A week after its decision against marriage bans in Idaho and Nevada, a three-judge panel on the court issued an order Monday dissolving its stay on the ruling as it pertains to Idaho. The two-page order will be effective Wednesday at 9 am Pacific Time (12 pm local time).
The National Center for Lesbian Rights, which had filed the lawsuit seeking same-sex marriage in Idaho, hailed the move as a positive decision for same-sex couples in the state.
“Today’s order means that two days from now, all Idahoans will have the freedom to marry,” said Shannon Minter, legal director for the National Center for Lesbian Rights. “At long last, all Idaho families will enjoy the dignity, security, and protection that marriage provides. We thank the brave plaintiff couples who had the courage to challenge these exclusionary laws and congratulate them on this historic victory.”

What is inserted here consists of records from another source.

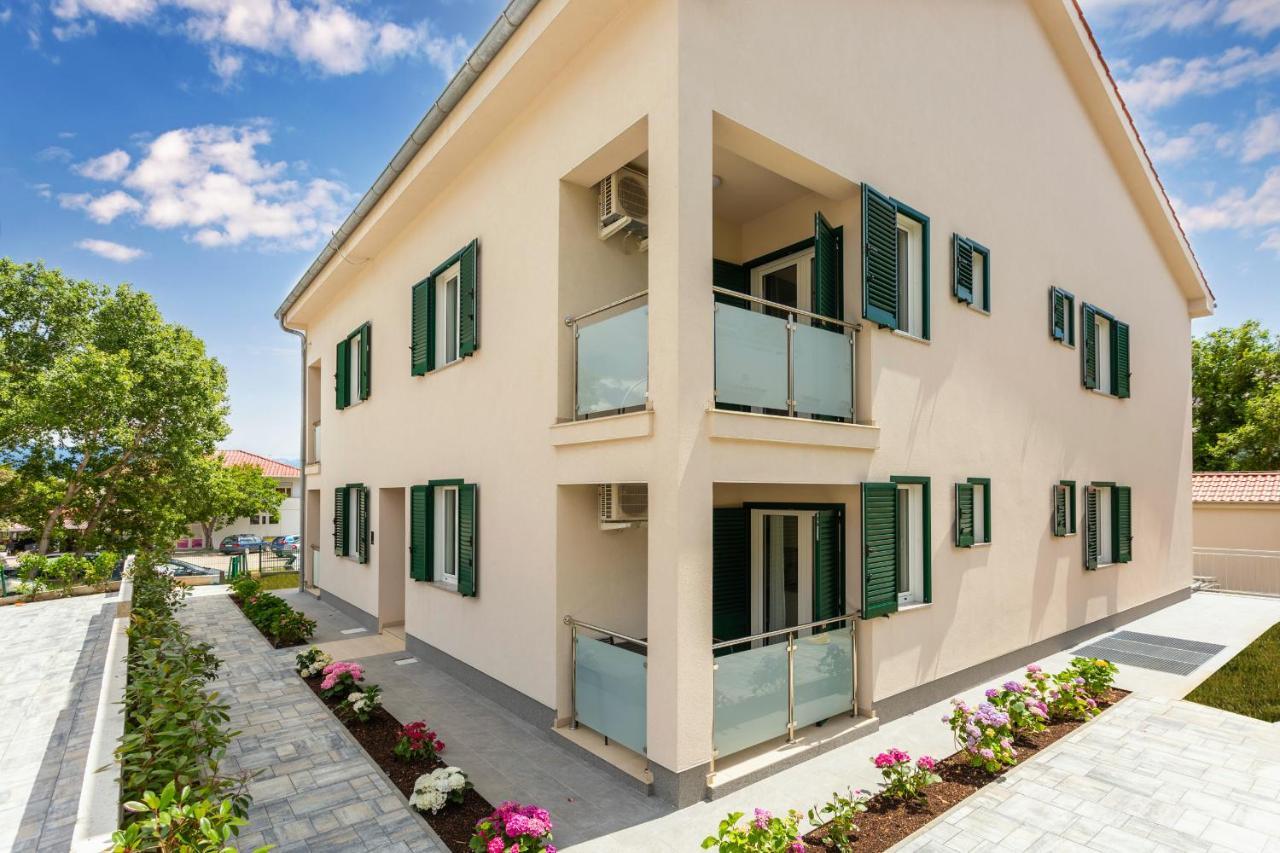 Divine Apartments 巴斯卡 外观 照片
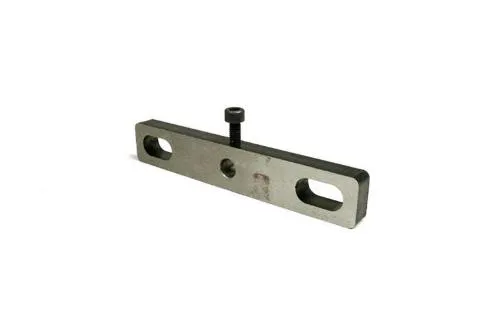Supporto universale BGM ORIGINAL BGM8805 in acciaio per comparatore: interasse prigionieri 75-96 mm, foro Ø8 mm e lunghezza 117,5 mm.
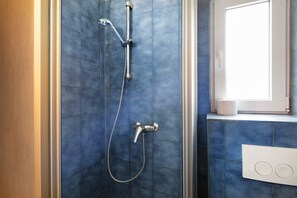Douche, serviettes fournies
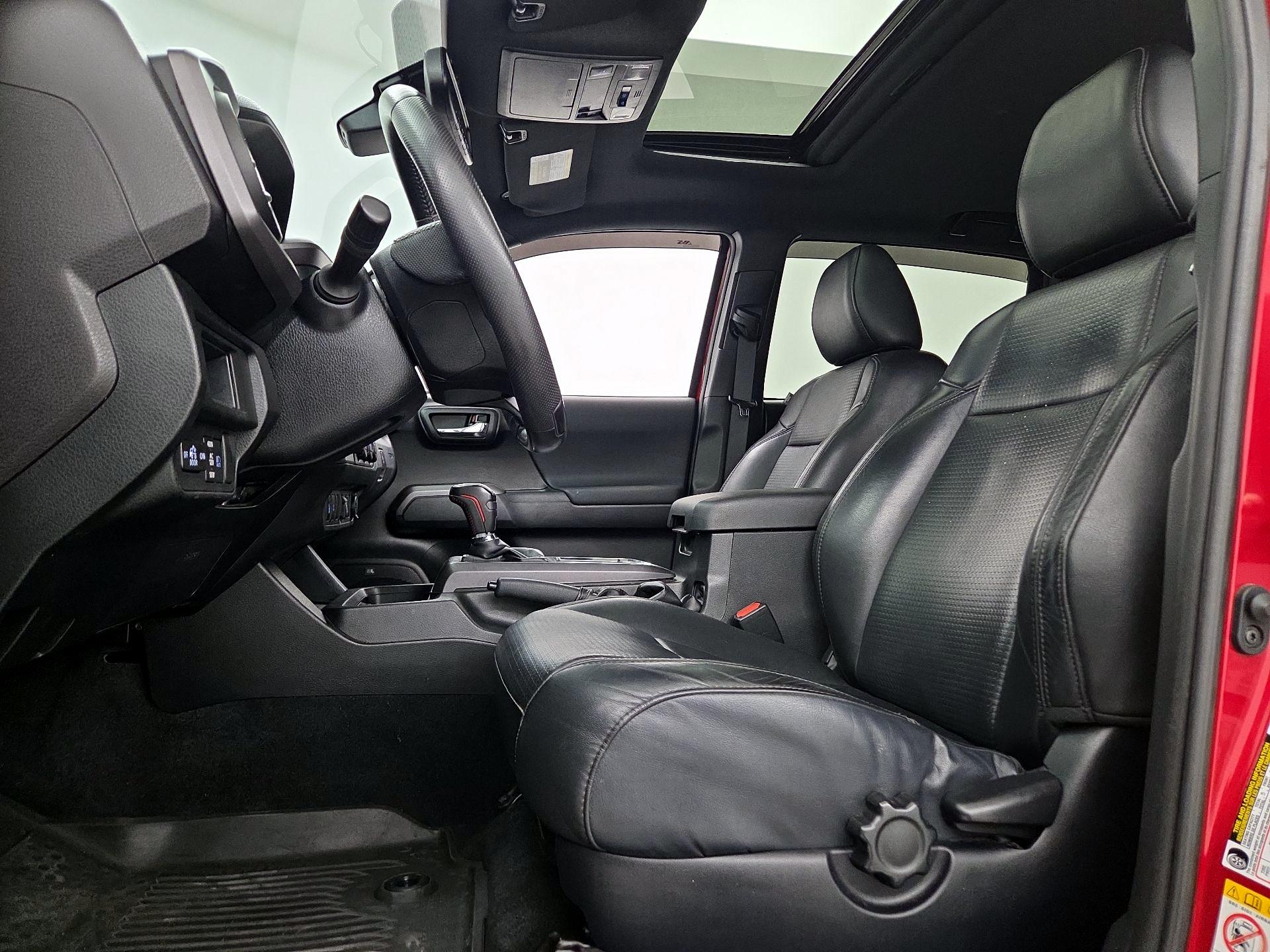 Thumbnail: 2019 Toyota Tacoma - 11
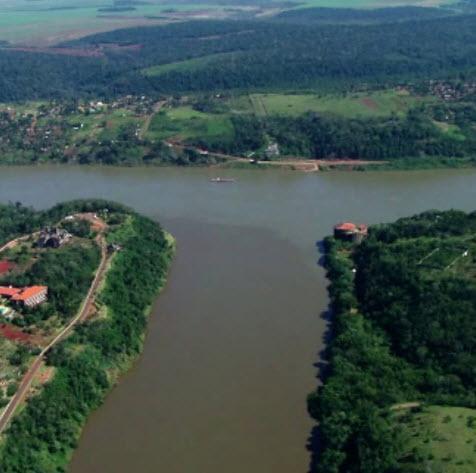 <br><b>Arjantin, Paraguay ve Brezilya</b></br>  Belki de en ilgin snr bu  lkeye ait. Arjantin (solda), Brezilya(sada) ve Paraguay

The Ninth Circuit stay on Idaho same-sex marriages was enacted in May after an initial district court ruling against the state’s marriage law. U.S. Associate Justice Anthony Kennedy issued his own stay last week, but the Supreme Court declined to extend it on Friday and vacated Kennedy’s order.
Prior to the order on Monday, Idaho Gov. Butch Otter, a Republican who’s defending the state’s marriage ban, filed a legal brief asking the Ninth Circuit to keep its stay in place, saying he plans to seek review before the full Ninth Circuit and the Supreme Court. Idaho Attorney General Lawrence Wasden, however, took a non-position on the continuation of the Ninth Circuit due to actions from the Supreme Court.
Although the Ninth Circuit had initially, and unexpectedly, initially dissolved its stay last week by issuing the mandate on its ruling the same day it ruled against the same-sex marriage bans in Idaho and Nevada, the court later recalled this action after Kennedy issued his stay.
When the Supreme Court acted again to dissolve its stay late Friday, some legal observers expected the Ninth Circuit act immediately to reissue its mandate, but nothing came down. The order dissolving the stay was finally issued on Monday after the National Center Lesbian Rights requested that the Ninth Circuit make final its ruling against the state’s marriage law.